The brainchild of children's book mogul Edward Stratemeyer, Nancy was brought to life by two women: Mildred Wirt Benson, a pioneering journalist from Iowa, and Harriet Stratemeyer Adams, a well-bred wife and mother who took over as CEO of the pioneering Stratemeyer Syndicate after her father died. In a century-spanning story Rehak traces their roles--and Nancy's--in forging the modern American woman. With ebullience, wit, and a wealth of little-known source material, Rehak celebrates our unstoppable girl detective.
My Review: When I was about nine, I went through a Hardy Boys phase. My mother, who went from buying Oldsmobile-priced cocktail dresses at Henri Bendel and Chevrolet-priced suits at Bonwit Teller to working three jobs to support us, never said no when it came to buying me a book. So I read my way through the catalog, and looked around for more. Mama somewhat diffidently pointed out the Nancy Drew books. I asked if she solved crimes. “Yes, and drives a blue roadster,” said the wily old girl, and I had another school year's reading at a quarter a book. (Used. We most often bought used...Mama said the words didn't wear out and who cared about the cover anyway?)
Ever after, I've had a “thing” for All-American boys and girls who just damn well do it for themselves. From such acorns....
Mystery-reading pleasure was a given. Mother and sister were big consumers of the genre. I got my own books, and they were not mysteries, but good heavens a boy can't survive on a book a week!
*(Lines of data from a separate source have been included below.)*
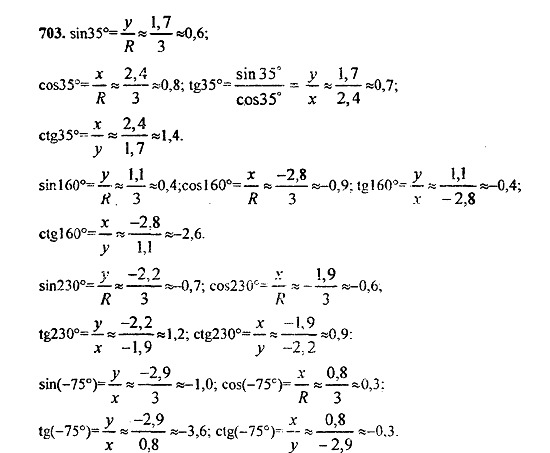 Ответ на задание 699 - ГДЗ по алгебре 9 класс Макарычев, Миндюк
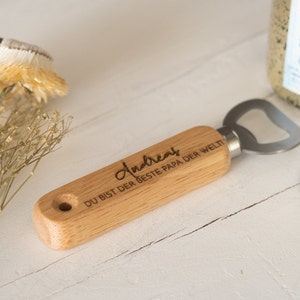 Personalized Bottle Opener | Gift idea dad | fathers day gift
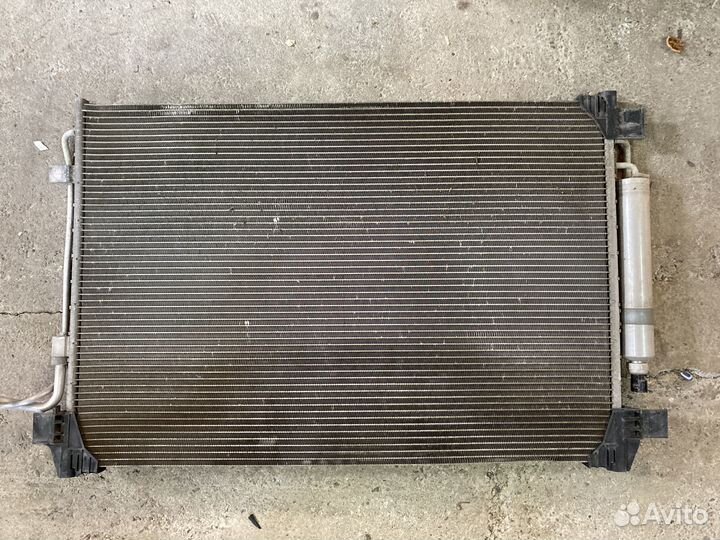 Радиатор кондиционера nissan murano z51
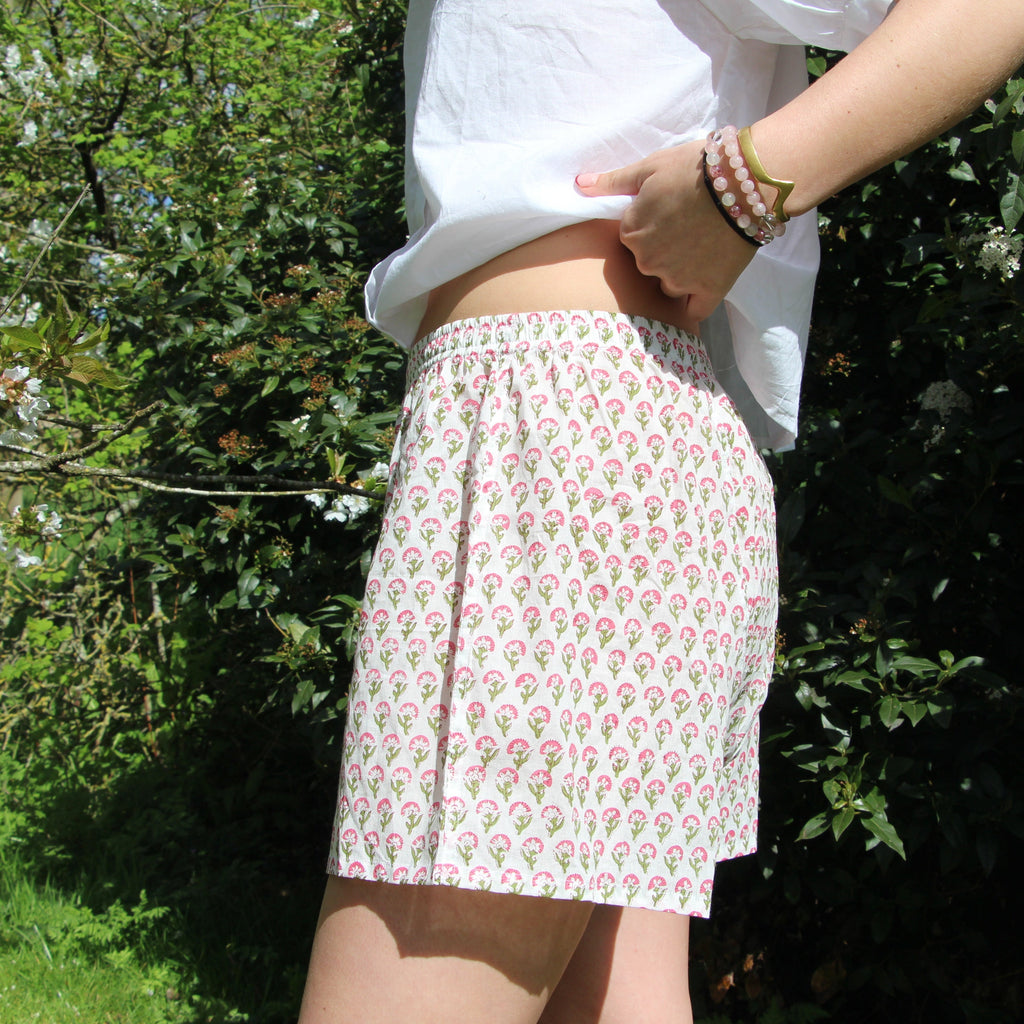 Nancy Pyjama Shorts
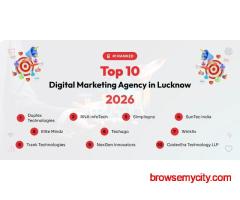 Top 10 Digital Marketing Agency In Lucknow
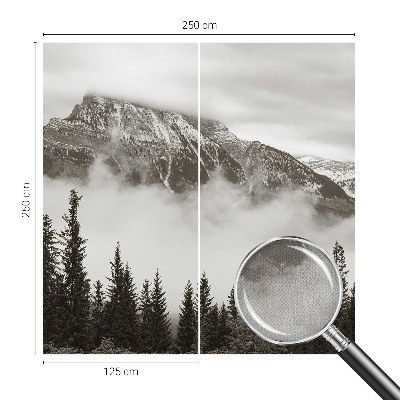 Dječja fototapeta Planinski krajolik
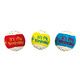 TENNIS BALL PARTY 6,5 CM 3 PCS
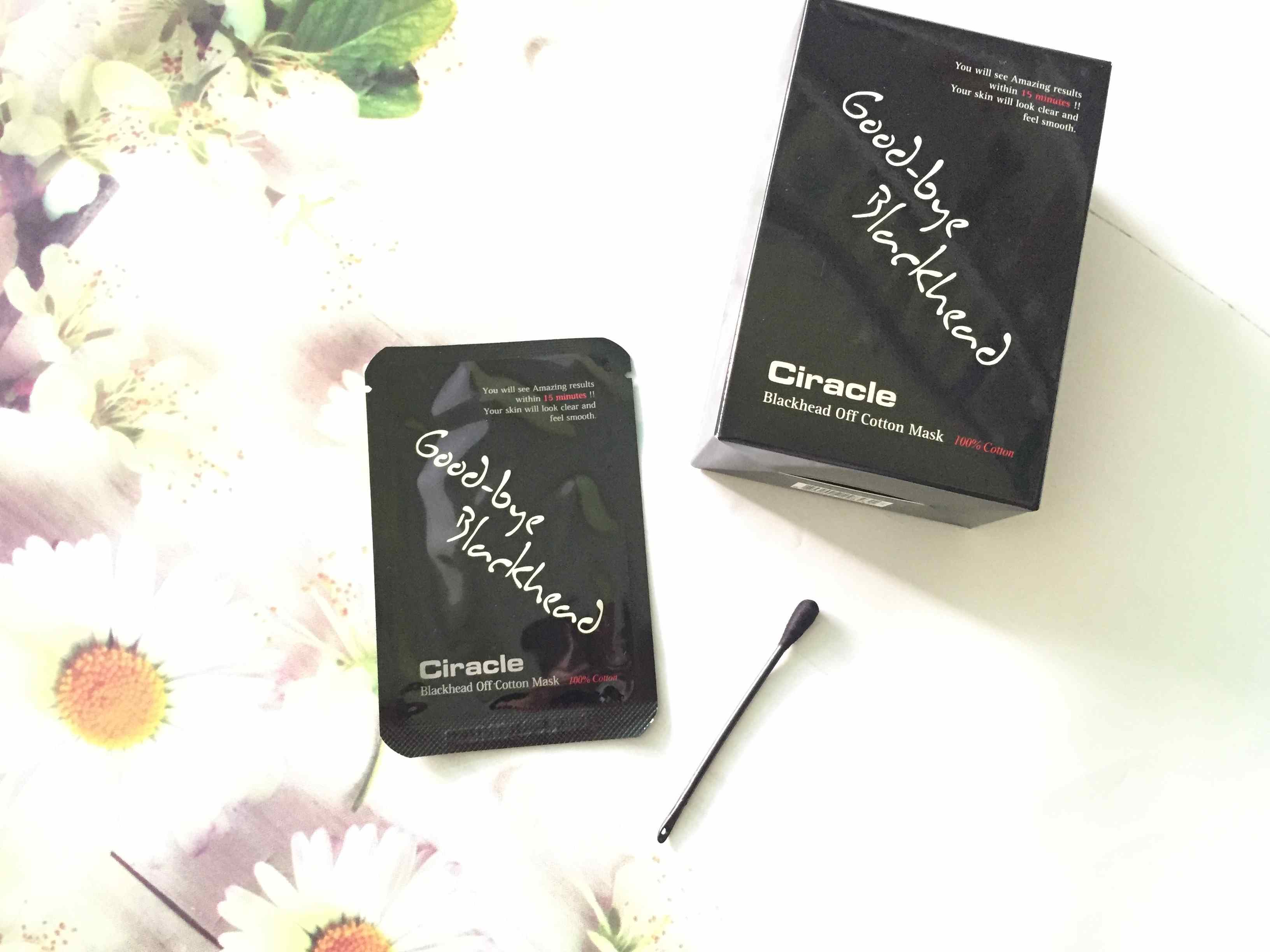 Mặt nạ đẩy mụn đầu đen Ciracle Goodbye Blackhead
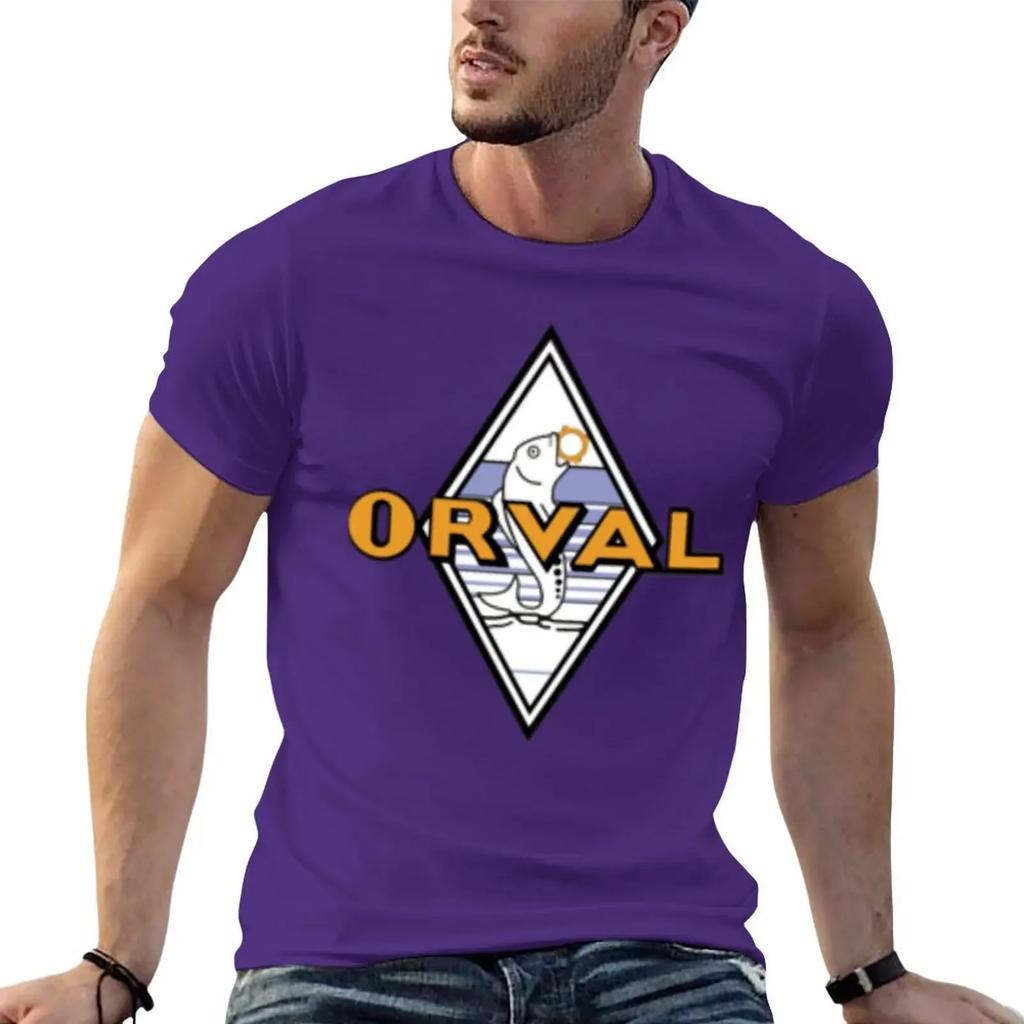 Orval T-Shirt Grafik vintage Kurzarm T-Shirt Unisex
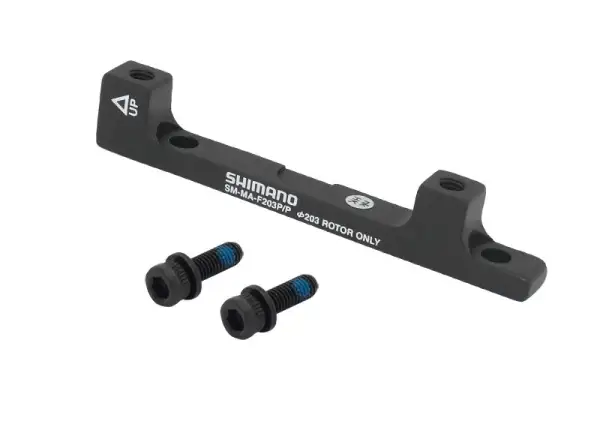 Shimano adaptér PM na PM przedni / tylni z 160 mm na 203 mm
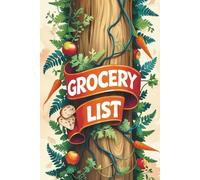 The Ultimate Grocery List Organizer: Master Your Shopping Trips with Store Layout Efficiency - Track Dates, Produce, Frozen Items & Special Notes!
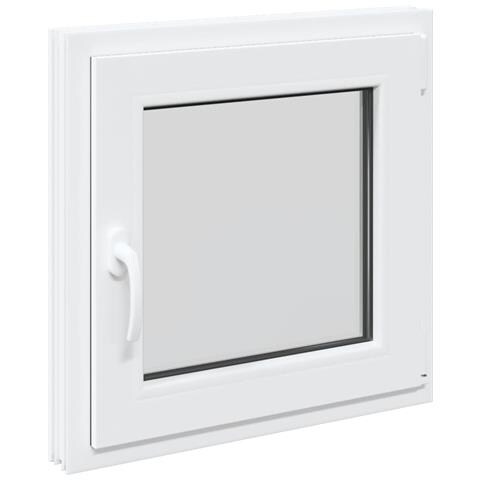 Finestra per Seminterrato RISOR 60x60cm Anta Ribalta DIN Destra - Foto 9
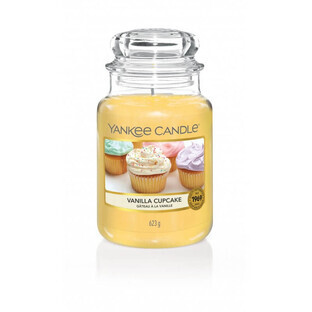 Yankee Candle Corona di fiori aromatizzata alla vaniglia, 623g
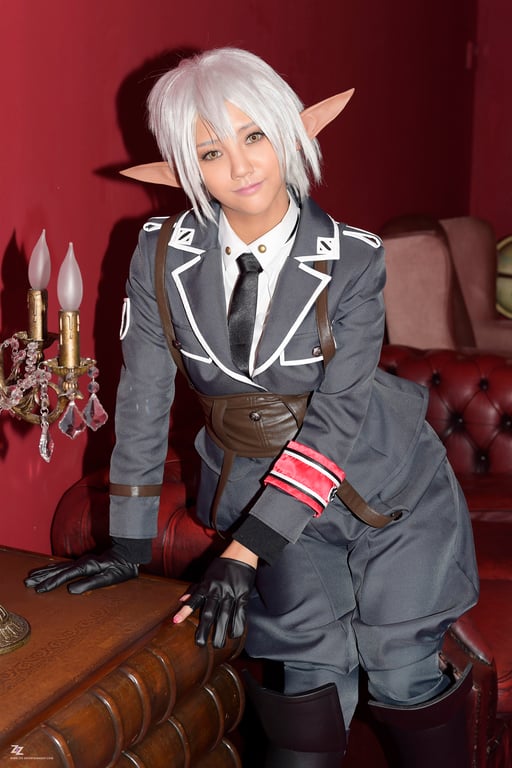 图片[17]-#Rei Mizuna & Claire Hasumi – Elf Female Officer Trapped in a Trap 虜囚市場 -落入陷阱的精灵女军官- 水菜丽 デジタル写真集 - 全本免费在线观看-阅图吧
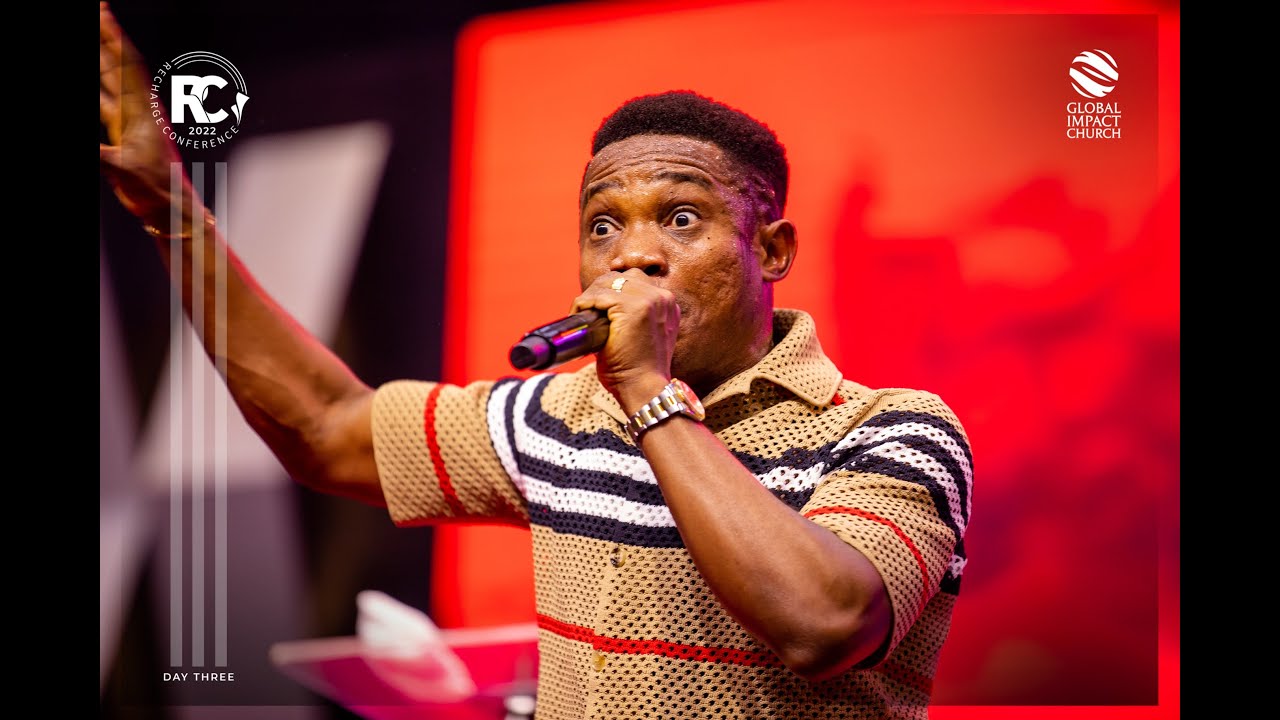 Jerry Eze at Recharge Conference 2022 | Walking in God's Favour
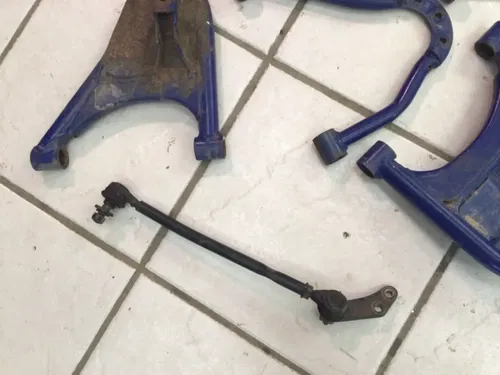 1986 suzuki lt230s quadsport 230 Right left upper bottom top front suspension ar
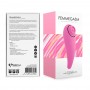 FeelzToys - FemmeGasm Tapping & Tickling Vibrator Pink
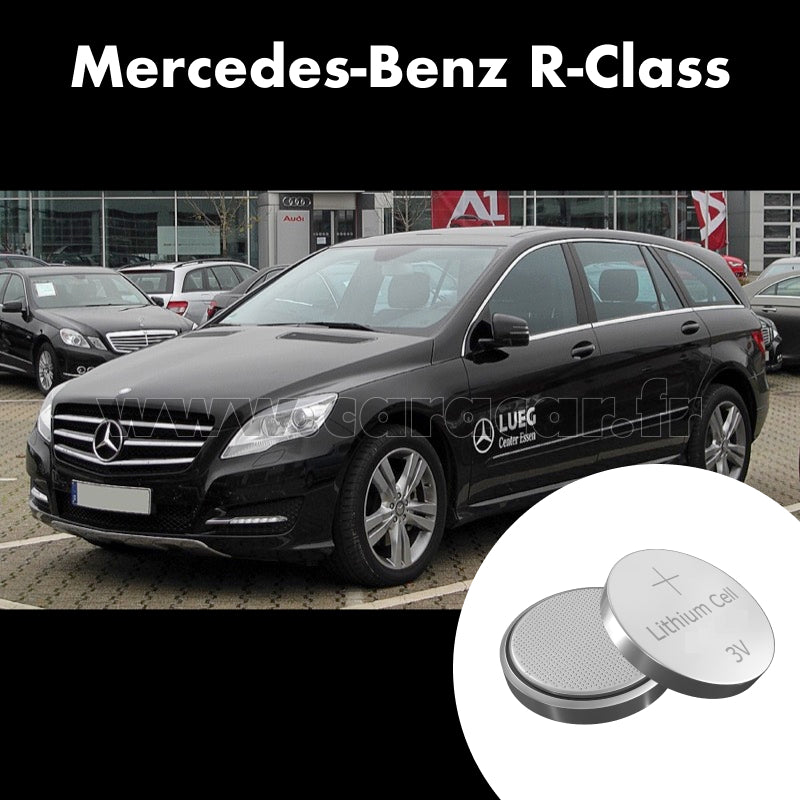 Pile clé Mercedes-Benz R-Class W251 [2th restyling] (2010/2017)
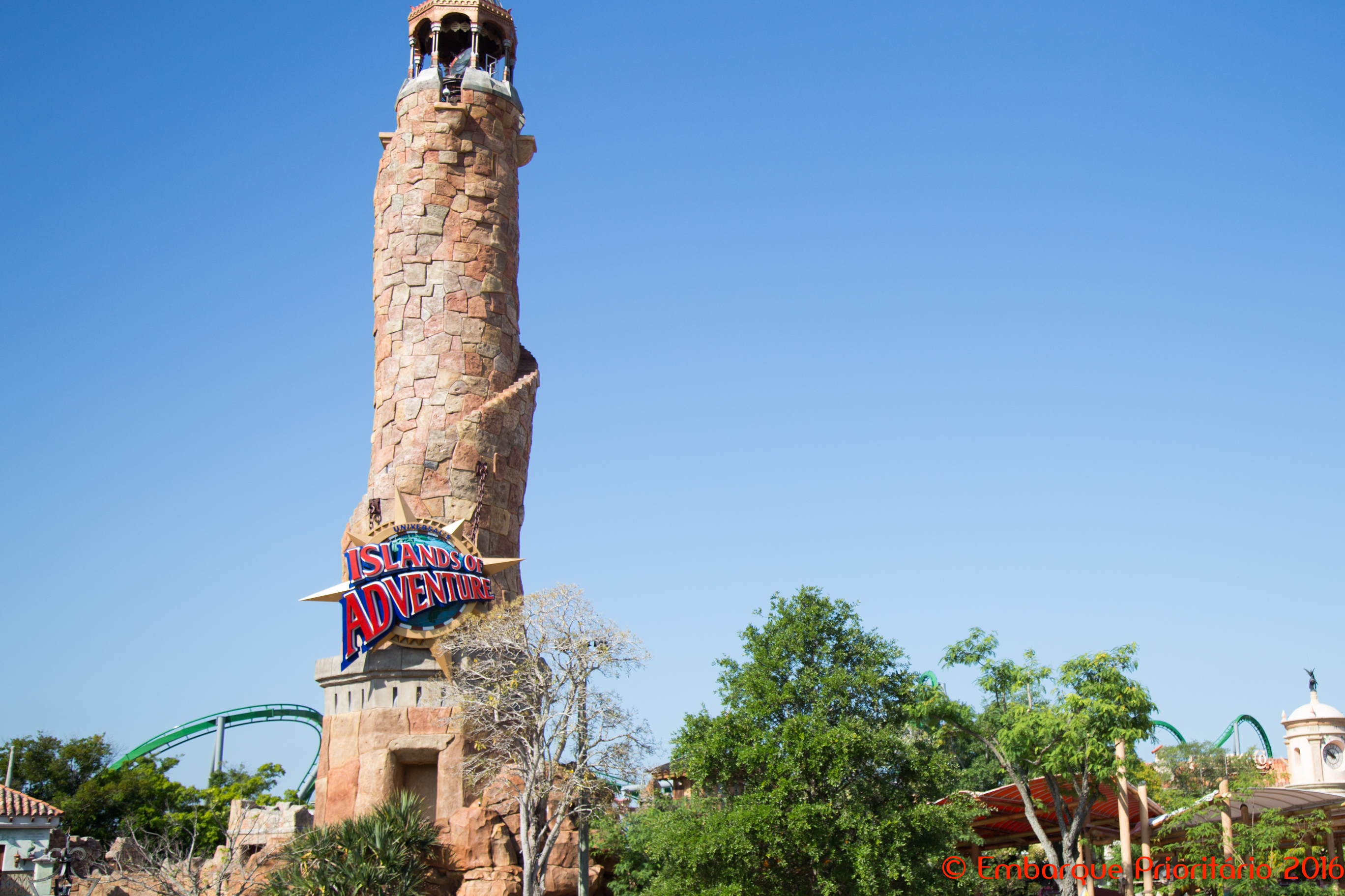 Universal's Islands of Adventure e suas atrações - Foco em Orlando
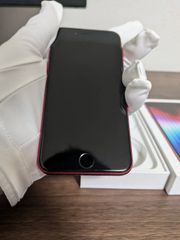 【付属品完備・極美品】iPhoneSE第3世代64GBレッド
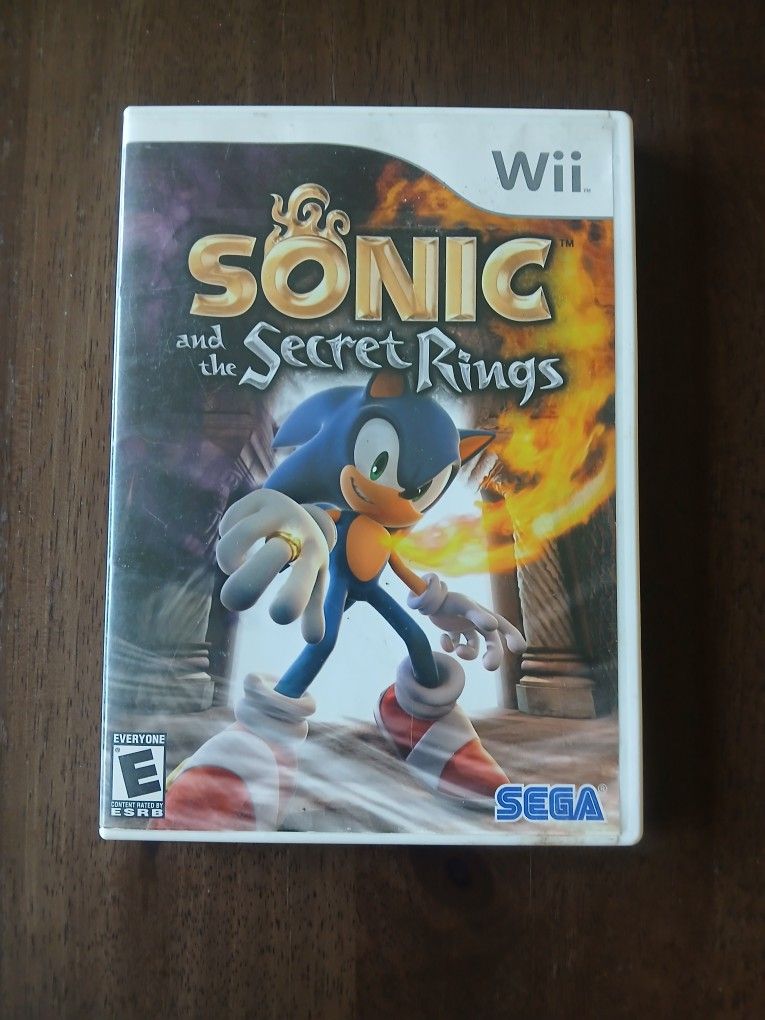 Sonic And The Secret Rings Wii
I mean really! So I read their mysteries. I checked mysteries out of the liberry. I read all the Hardy Boys (always preferred Joe to Frank, Iola be hanged) and Nancy Drew (what a maroon Ned Nickerson was!) a couple times each. They lost their luster about the time I found good SF.
But do you ever forget that first kiss? I know I haven't. Nancy, Frank, and Joe...oh my how I treasured their orderly world. No one behaved badly (my narcissistic parents were astonishingly insensitive and ill-mannered in their divorcing) without consequences, and crimes were punished. I liked that a lot! And I still do.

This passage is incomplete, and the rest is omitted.